Car cela implique que chacun puisse bénéficier de la présomption d’innocence en l’absence de condamnation définitive et que des juges professionnels recrutés par concours, pour leurs compétences, sur une base méritocratique, instruisent objectivement l’affaire, sans parti pris, à charge ET à décharge, pour assurer la pleine, entière et effective application de la loi pénale, « soit qu’elle protège, soit qu’elle punisse » (art. 6 de la DDHC).

Le cas Christine Lagarde

Or, les règles actuellement applicables privent parfois les décideurs constitutionnels de leur droit à un procès équitable, comme cela ressort de certains verdicts visant des membres du gouvernement.

Le jugement de Christine Lagarde rendu le 19 décembre 2016 par la CJR a bien montré cet écueil. Alors qu’elle avait été condamnée par la Cour pour « négligence d’une personne dépositaire de l’autorité publique » dans l’affaire Tapie, le tribunal correctionnel jugeant ses co-mis en cause a tranché en sens inverse les concernant (le cas de Madame Lagarde ayant été disjoint du leur en vertu de son privilège de juridiction).

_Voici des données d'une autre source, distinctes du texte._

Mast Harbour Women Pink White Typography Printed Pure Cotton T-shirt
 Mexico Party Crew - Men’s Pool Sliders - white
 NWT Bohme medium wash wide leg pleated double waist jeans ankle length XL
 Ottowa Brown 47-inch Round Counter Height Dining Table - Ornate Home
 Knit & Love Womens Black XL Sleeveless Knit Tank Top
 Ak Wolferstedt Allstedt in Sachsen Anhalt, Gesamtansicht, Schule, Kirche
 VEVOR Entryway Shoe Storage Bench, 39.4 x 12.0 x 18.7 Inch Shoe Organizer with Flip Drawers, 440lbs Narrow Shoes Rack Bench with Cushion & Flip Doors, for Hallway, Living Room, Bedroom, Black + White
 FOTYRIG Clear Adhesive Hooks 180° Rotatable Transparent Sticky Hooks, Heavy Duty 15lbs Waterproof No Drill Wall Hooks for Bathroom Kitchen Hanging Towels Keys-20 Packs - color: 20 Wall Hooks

Christine Lagarde arrive à la Cour de Justice de la République en mars 2014 pour être entendue dans une affaire impliquant l’homme d’affaires et politiciens Bernard Tapie en 2008. Kenzo Tribouillard/AFP

Tandis que pour la CJR elle aurait dû contester la sentence arbitrale attribuant 45 millions d’euros d’indemnisation pour préjudice morale aux époux Tapie dans leur litige avec le Crédit Lyonnais, pour le juge ordinaire c’est « en toute indépendance et au vu des différents avis recueillis » que la ministre avait, au moment des faits, « pris la décision de ne pas former de recours en annulation ».

Elle n’aurait ainsi pas été condamnée si elle avait été jugée comme tout un chacun.

Une réforme parait indispensable

On l’aura compris : depuis le tournant des années 1990 le maintien même d’une justice politique conduisant à laisser aux membres du parlement le soin d’autoriser les poursuites visant les représentants de la Nation (qu’il s’agisse de leurs pairs ou du chef de l’État) ou carrément de juger les ministres fait débat.

C’est pourquoi en 2012 la Commission Jospin avait proposé de renforcer la compétence des tribunaux correctionnels ou des cours d’assises à l’égard des décideurs constitutionnels pour mettre un terme au soupçon permanent que nourrit cette justice d’exception.

Sans doute conviendrait-il de confier à une commission de magistrats expérimentés issus des juridictions judiciaires le soin de filtrer les plaintes pour écarter les poursuites abusives ou infondées à leur encontre et à d’autres magistrats pénalistes tout aussi expérimentés le soin de les juger.

Peut-être faudrait-il même instaurer un référendum révocatoire permettant à un dixième des électeurs de proposer la destitution d’un ministre ou du chef de l’État dans des cas graves, pour faciliter l’exercice des poursuites les visant en cas de paralysie des chambres, comme cela se fait aux États-Unis ?

Il est à tout le moins souhaitable que le débat puisse s’engager dans l’intérêt d’une bonne administration de la justice tant les réformes menées dans les années 1990 ont fait la preuve de leurs limites.